Well, time to meet Ryan Harrow. Harrow transferred from NC State after the departure of Sidney Lowe in 2010, which made him just as sad as it made me (Lowe was 0-9 against Maryland as a coach, and it wasn’t even that close). Harrow strikes me as the weak link of this team for a number of reasons.
For one, as 4-star freshman at NC State, he was unable to beat out a lightly regarded incumbent senior in Javier Gonzalez. Unless things have changed dramatically in a year, Harrow is not a good shooter (in 2010: 39% FG, 22% 3pt) except from the line (88% FT). These numbers create a defensive blueprint for Maryland: don’t be afraid to help off of Harrow, because allowing him to take outside shots will do more damage to Kentucky than Maryland.
Also, Harrow’s lack of size at just 6’0” 160 lbs is jarring when compared to his predecessors (Rose, Evans, Wall and Knight were all 6’3” 185 or bigger. Teague was 6’2”). If Pe’Shon is recovered enough to stick to the very quick Harrow on offense, he could provide a physical mismatch on the other end of the floor.
Now, if you’re ready for a REAL weakness, how’s this? John Calipari isn’t even sure if Harrow is going to play. He’s apparently battling the flu and listed as questionable. In the highly unlikely event that Harrow doesn’t play, the point guard duties would likely be shifted to freshman 2 guard Archie Goodwin, who’s as talented as he is introverted. Cal’s central belief (at least according to those All-Access Kentucky clips that ESPN is pumping out) is that you have to be loud and demonstrative as a point guard. That is not Goodwin, and that could cause problems even more severe than the lineup shift it would create. If it’s not Goodwin, then Julius Mays could get the start, but he sat out Wednesday’s practice with a knee injury.
It’s redundant, but limiting turnovers is a huge factor in this one, which is why I think Turgeon will opt for a heavy dose of Pe’Shon at the point. Limiting turnovers against any team is extremely important. But because of Kentucky’s propensity to get out and run and their efficiency at converting fast break opportunities, they usually cash in turnovers at a higher rate than most.
By limiting their mistakes, Maryland should be able to prevent this contest from turning into a track meet, the Wildcats game of choice. If Kentucky can stay in transition, their lack of experience becomes significantly less important, and they can just let their supreme athletes take over. Where they’ll be average should be in the half court sets, where these Wildcats (by far the youngest Cal has had at Kentucky, Wiltjer is the oldest as a sophomore) are likely still trying to find the same page in the playbook.

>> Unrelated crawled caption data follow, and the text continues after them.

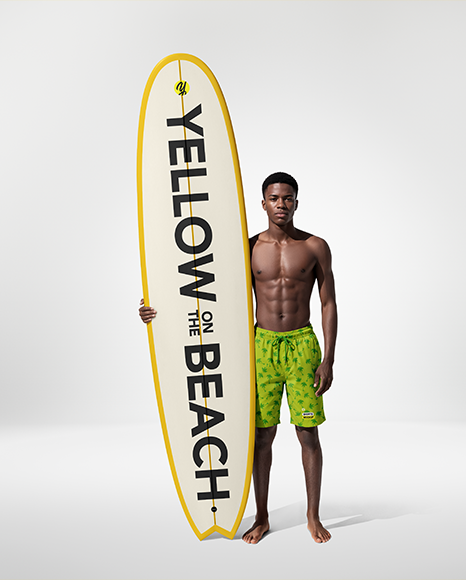Young Man Wearing Shorts and Holds Surfboard Mockup
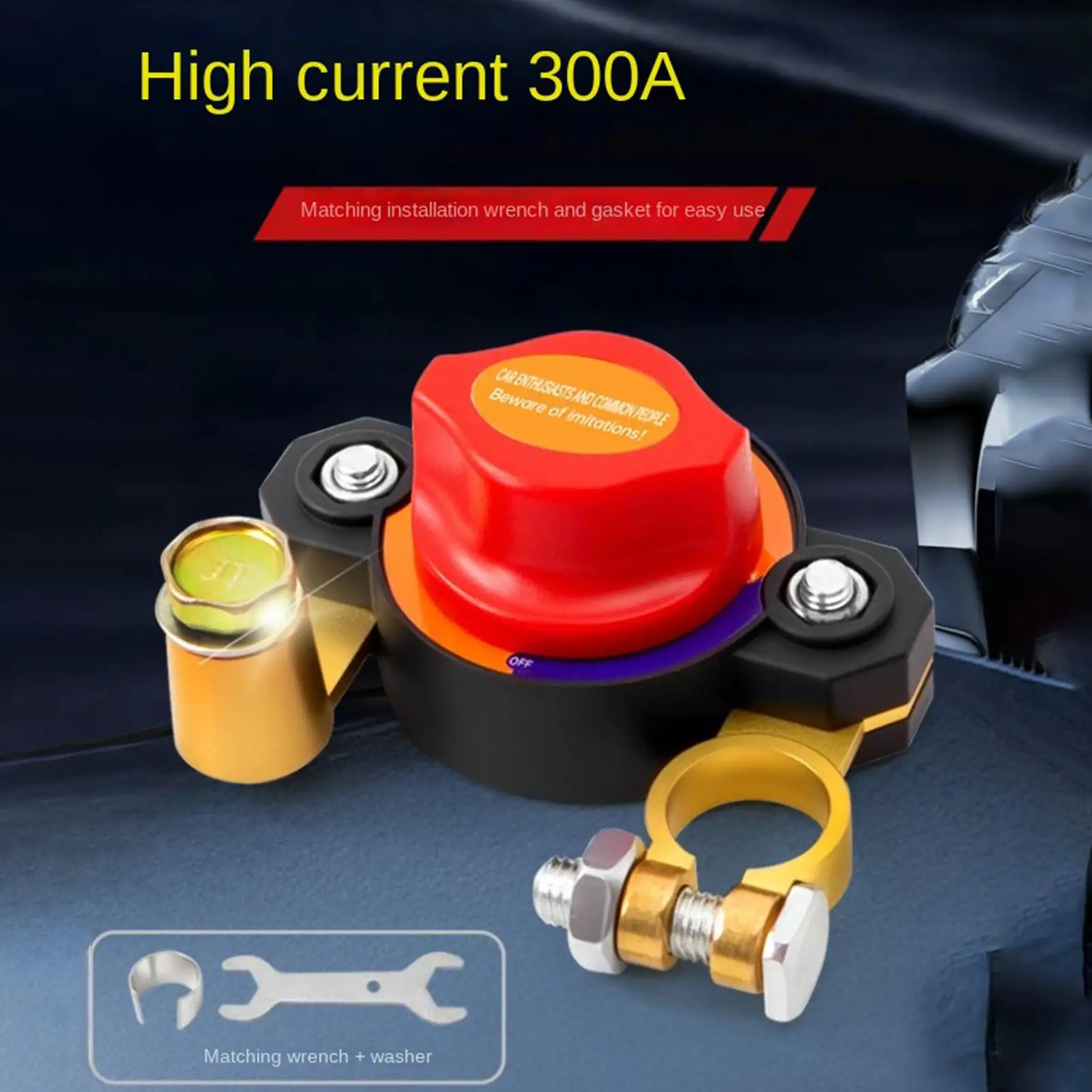 Car Battery Disconnect S witch Double-Head 5 Gears Rotatable Engine Shut Off Anti-Theft Button For Truck Marine Boat RV Sedan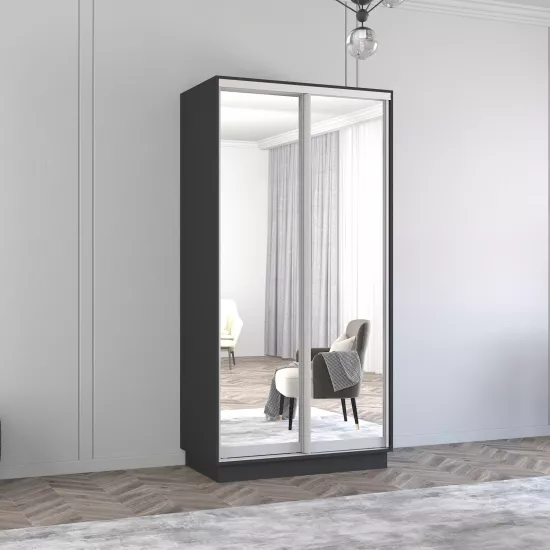 Dulap-cupeu Mobildor Fox, 130x210x60 cm, uși glisante din oglindă, Antracit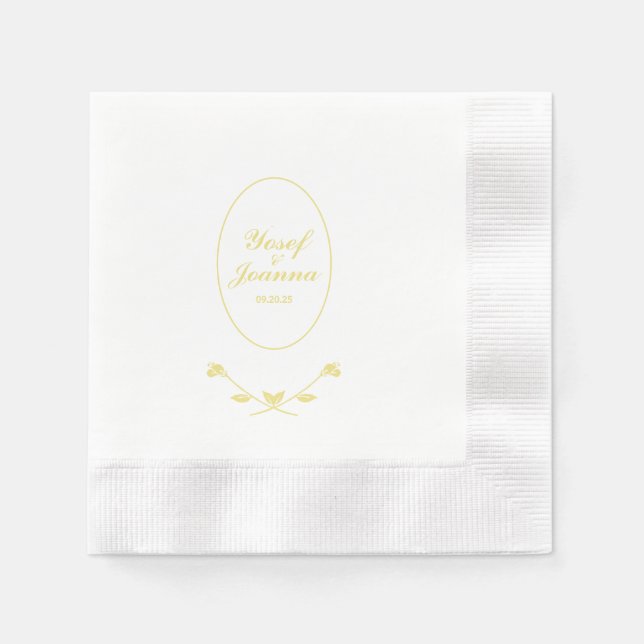 White and Gold Wedding Napkins (Front)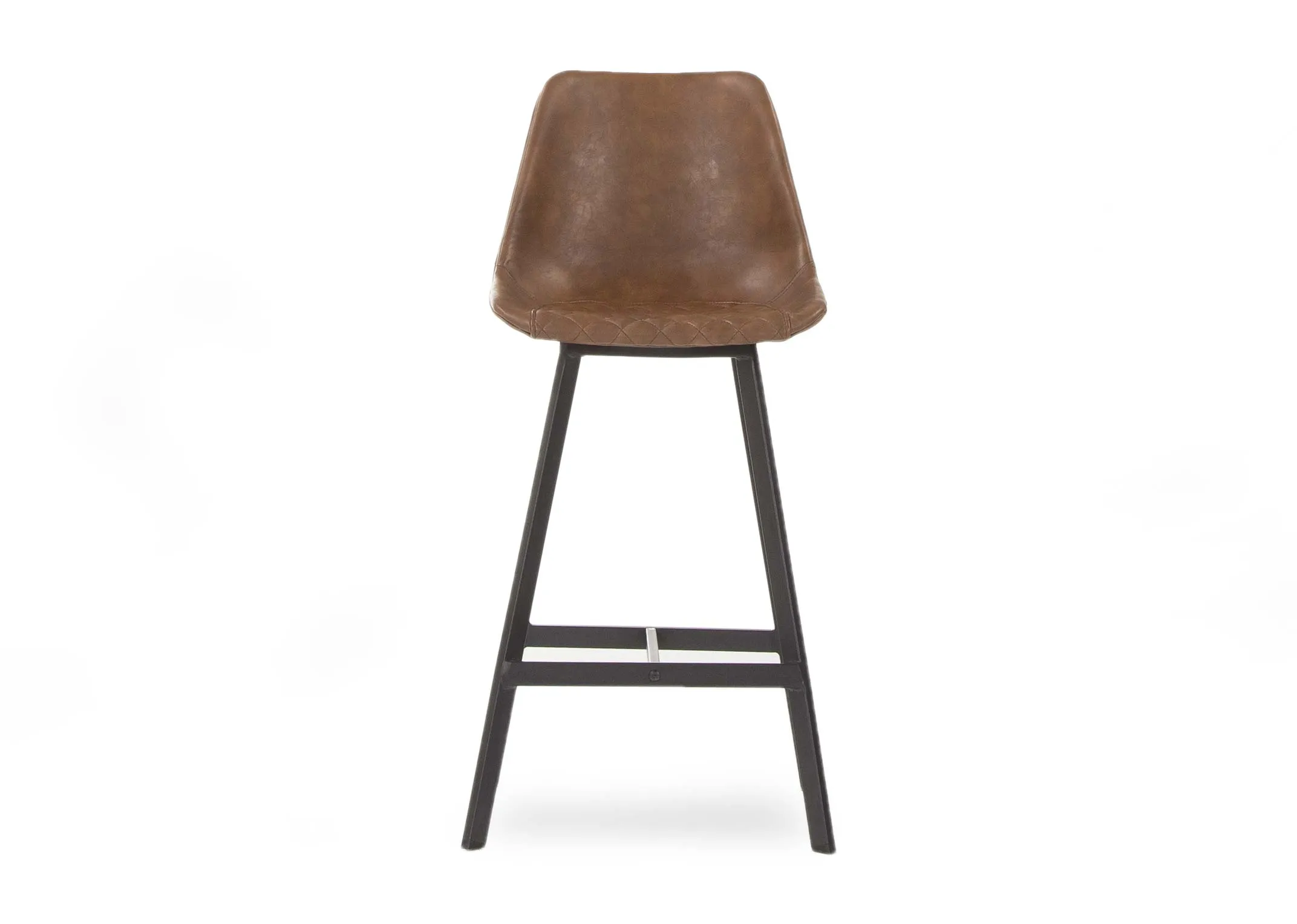  bar stool with black metal legs & tan faux leather seat with back from EZ Living Furniture's Leo range. Front view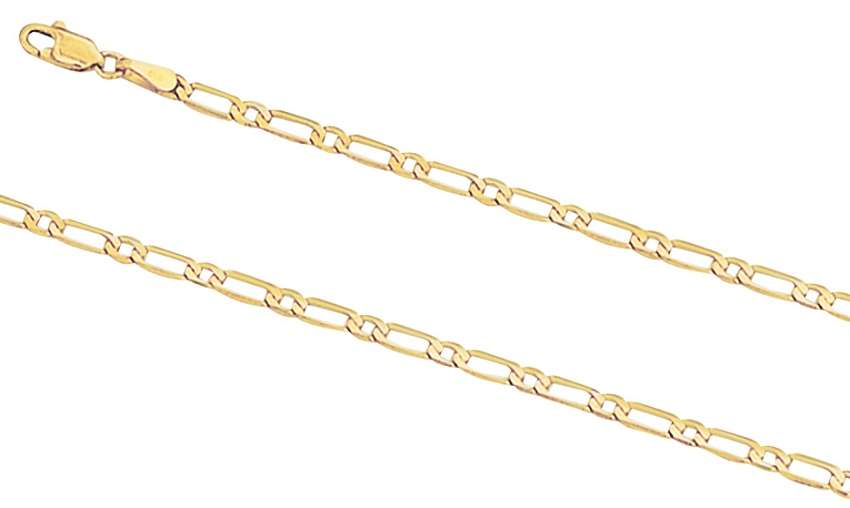 9k / 9ct gold CHAIN: 1+1 Figaro, 2.8mm wide, 55cm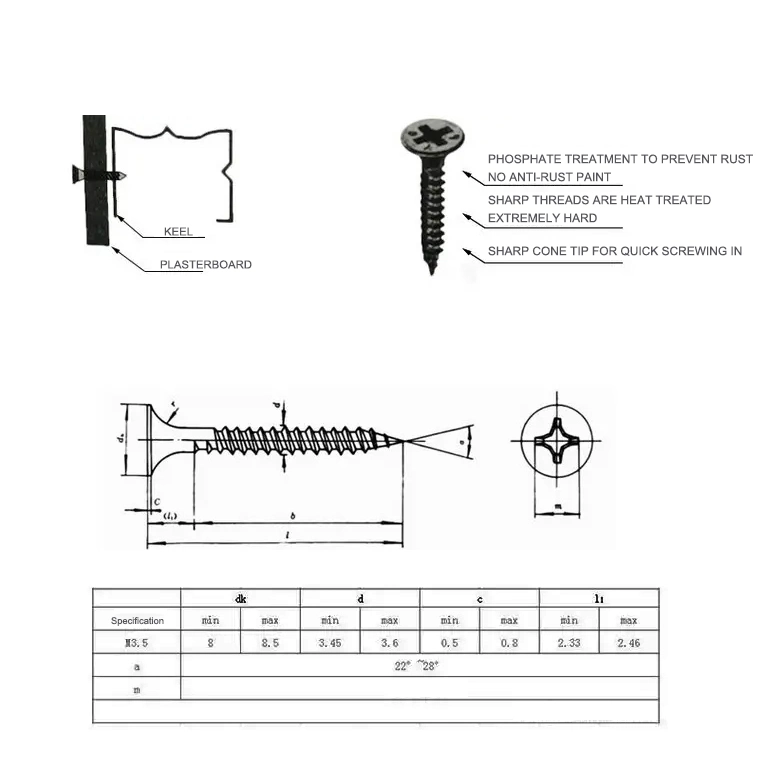 Gypsum Board Screws Carbon Steel C1022A Black/Gray Phosphate Bugle Head Phillips #6 #8 #10 Drywall Screw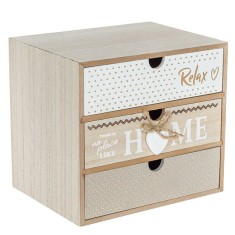 Cutie decorativa cu 3 sertare &amp;#039;&amp;#039;Home&amp;#039;&amp;#039;, Neirini, Multicolor, 20 x 15 x 18 cm foto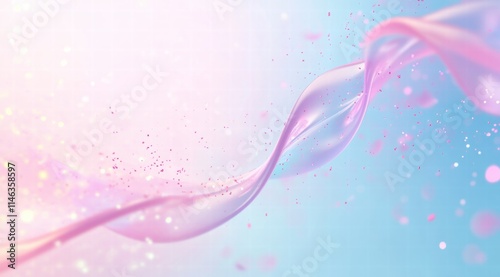 3D double helix DNA, light blue and pink color gradient background, pink particles flying around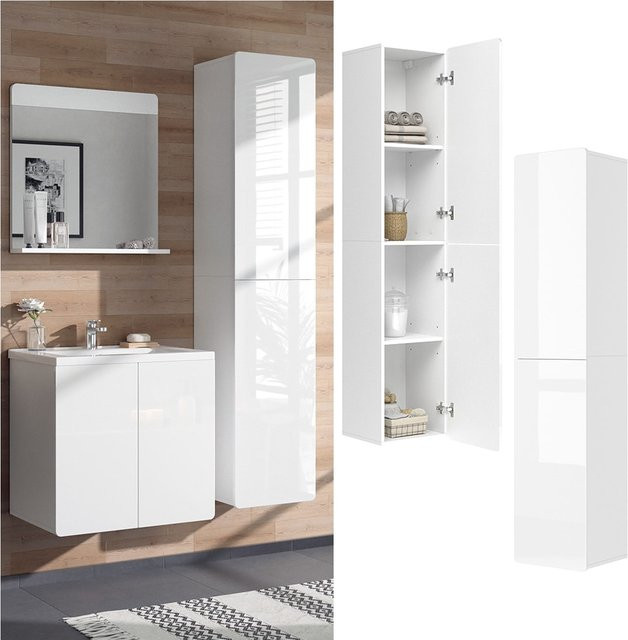 Vicco Badezimmerschrank Izan Hochschrank Weiß Hochglanz H x B x T: 180 x 40 x 40 cm - Bild 1
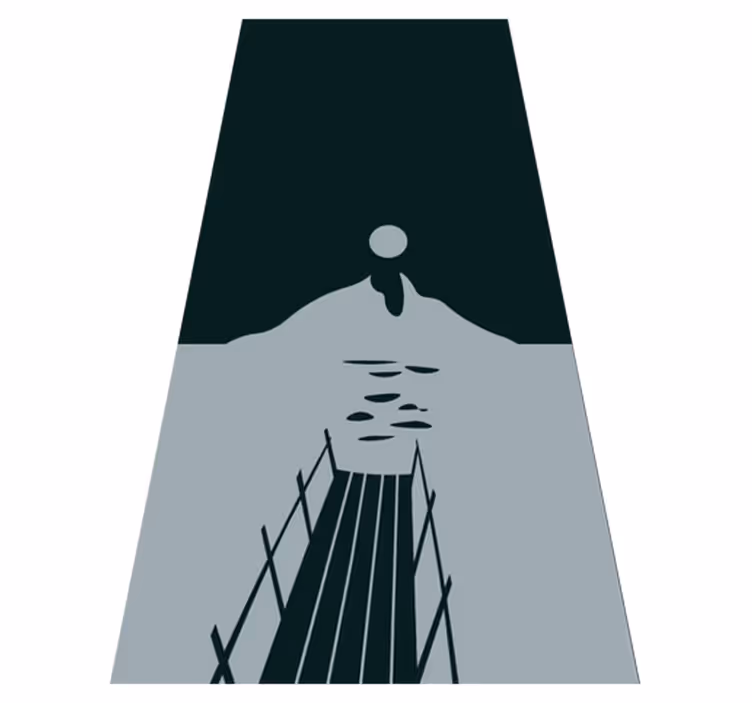 Black vinyl carpet wooden dock to a lake with mountains - TenStickers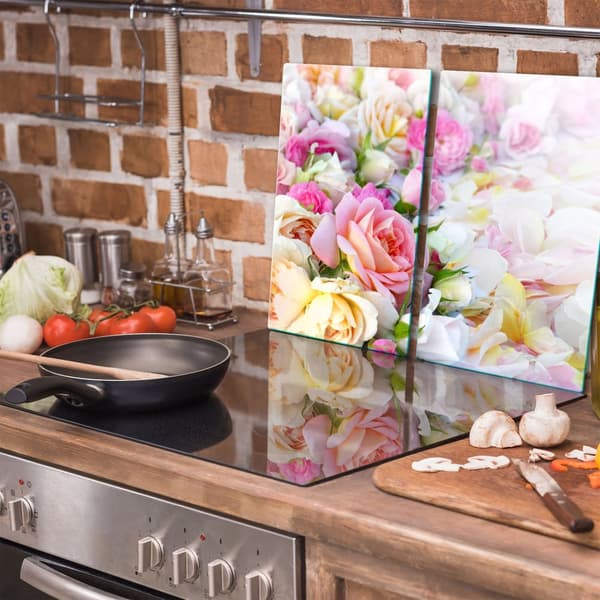 GLAS SKÆREBRÆT 2x 30x52 BLOMSTER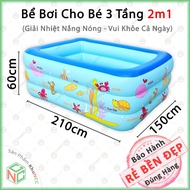 [KhoNCC] 3-Tier Swimming Pool for Children Sizes 1m3 1m5 1m8 2m1 - Summer Cooling - Fun All Day - KL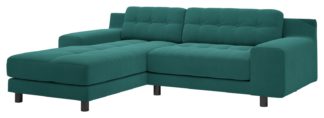 An Image of Habitat Hendricks Velvet Corner Chaise Sofa - Teal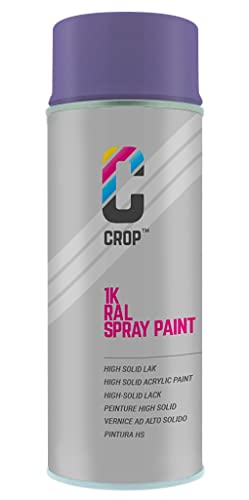 CROP Spraydose RAL 4005 Blaulila - Seidenglanz - 400ml - Lackspray Lila - 100% farbecht - Schnelltrocknend - Innen & Außen - RAL4005 von CROP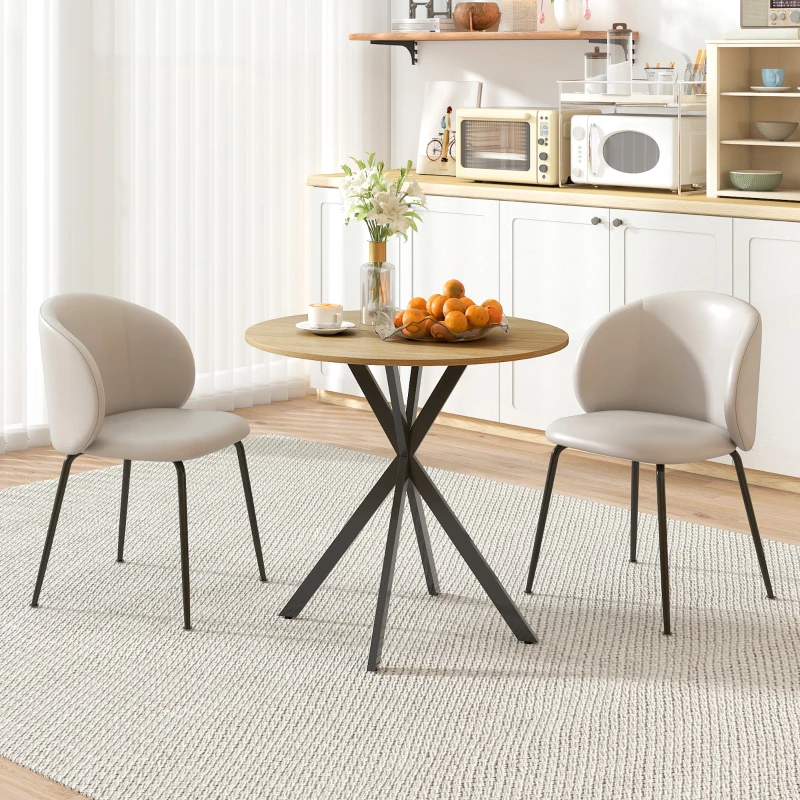 HOMCOM Table à manger ronde pour 2 personnes avec plateau aspect bois et piètement croisé en acier, blanc chêne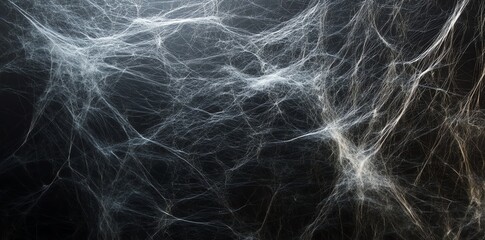 Close-up of a spider web with intricate details and fine threads against a dark background.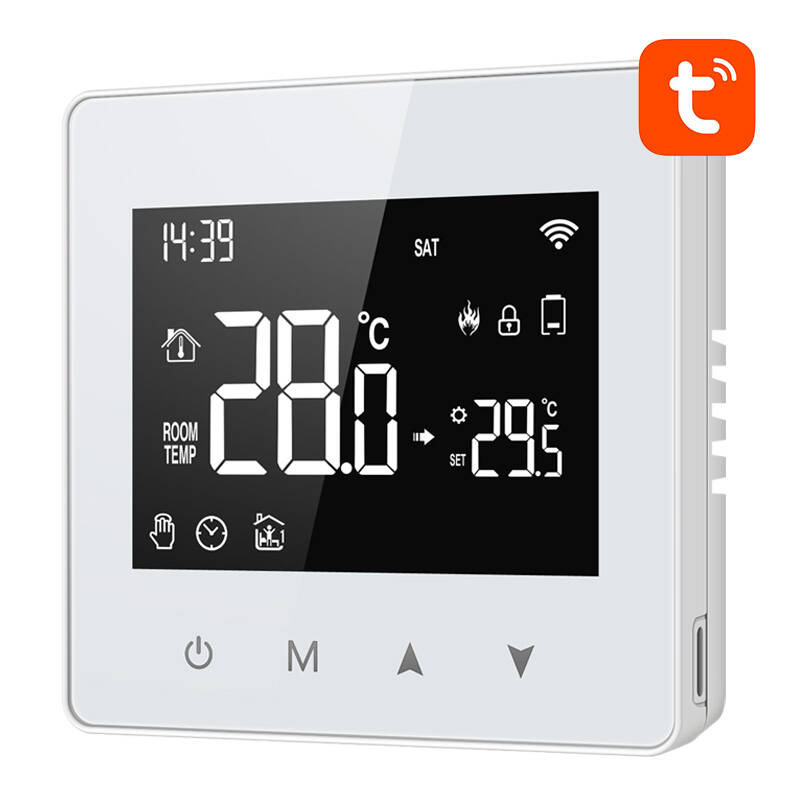 Termostat smart ZigBee Avatto ZWT198 pe baterii, pentru centrală termică, Tuya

On offense, someone will need to be knocking down outside shots for the Terps, and I have no idea who that’s going to be. There are a lot of retooled jump shots on this team, nobody with shooter listed on their resume, and the closest fits would probably be Dez Wells and Jake Layman. Somebody’s going to have to stretch the Kentucky defense, or else they’ll be able to pack the lane and gamble in passing lanes, both things conducive to their length.
Even staring at the national championship tickets I bought when Dez Wells got eligible, I still can’t convince myself that Maryland can pull this one off. I think Kentucky is overrated due to their extreme youth, lack of depth, and lack of shooters, and a more experienced Maryland team would pose a real threat. But the top 6 or 7 that they do have are ludicrously talented, and there’s no more denying that Calipari is one of the premiere coaches in the game. Again, because these teams are so young, a lot of this is guess work, but I think The Terps keep it close, before Kentucky’s dominance on the board prevails in the end.